In her three-day report “Military Menace: Deadly Vehicles,” The Detroit News Washington reporter Lisa Zagaroli examined the unnecessary dangers posed to American soldiers by outdated military vehicles.
The July 11, 2004, report “Army truck accidents kill, hurt thousands” featured statistics on – and reasons behind – accidental military deaths.
Outdated designs, a lack of safety features and poor training are contributing to the unnecessary deaths of U.S. soldiers in military vehicles.
With increased mobilization of troops for the Iraq war, the Army had its worst accident record in a decade last year: 833 crashes, 50 deaths and 223 injuries.
Accidental deaths, including accidents in military vehicles, are such a problem, both in war and peacetime, that the Pentagon launched a major initiative to cut the number in half by 2005. Military vehicle accidents account for about 19 percent of all military accidents.

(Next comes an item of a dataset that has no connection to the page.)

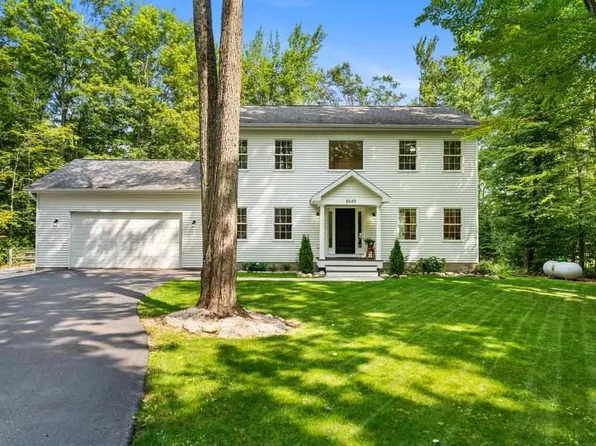 8649 Tall Timber Ln, Petoskey, MI 49770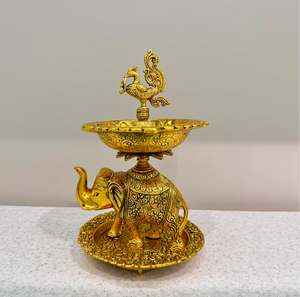 Lámpara de aceite Diya/Samai con acabado dorado, diseño de elefante real y pavo real, base de elefante intrincadamente detallada, hermoso pavo real hecho a mano, edición de otoño - Product Image 1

Zagaroli’s reporting found that local commanders sometimes ignored their own rules about vehicle safety, including a standing order for soldiers to wear seat belts at all times.

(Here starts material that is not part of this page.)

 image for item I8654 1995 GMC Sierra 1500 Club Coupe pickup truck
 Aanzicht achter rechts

“None of the data I needed was ready at hand,” said Zagaroli. “Unlike the civilian auto industry, there are few safety experts who know anything about military trucks and their crashworthiness. Those who knew were either Pentagon personnel who wouldn’t talk, or military contractors who were similarly reluctant to discuss the issue. … I was forced to comb through the casualty lists and then try to contact the families of soldiers who had been in accidents and who could provide more information on how their loved ones died or were injured. This eventually supported the basic premise, but it required a tremendous amount of old-fashioned, police-reporter style legwork.”

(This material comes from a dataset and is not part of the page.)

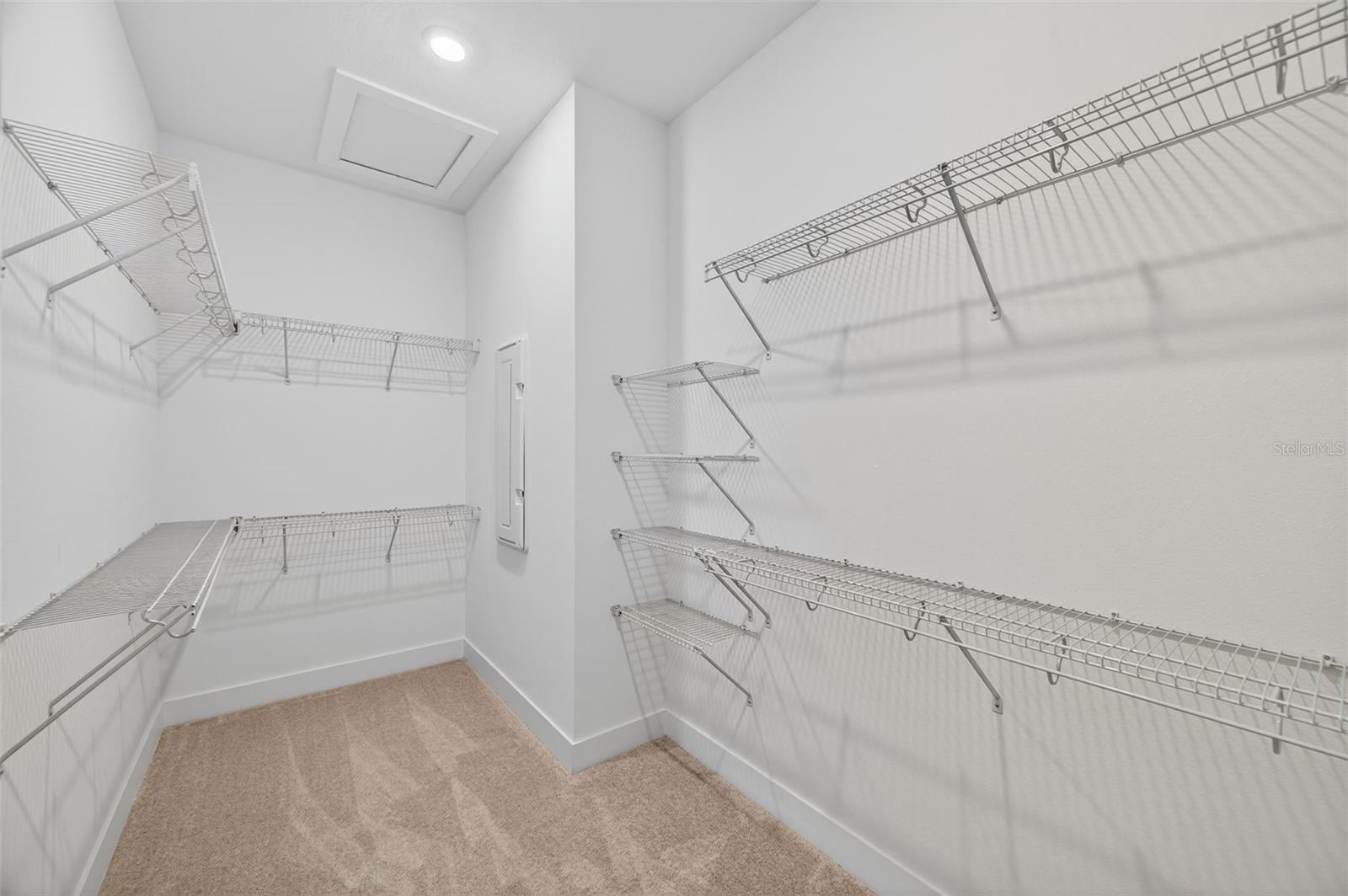 Image 19 of 38 For 8225 Golden Beach Ct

The reports drew attention from Congress.
“Sen. Carl Levin, ranking Democrat on the Armed Services Committee, demanded an explanation from Defense Secretary Rumsfeld,” said Zagaroli. “The public and the military are fixated on high-tech weaponry … robotics, sensors, laptop command and control, and the like. This series showed the backdrop to all that: soldiers risking their lives in 1950s technology.”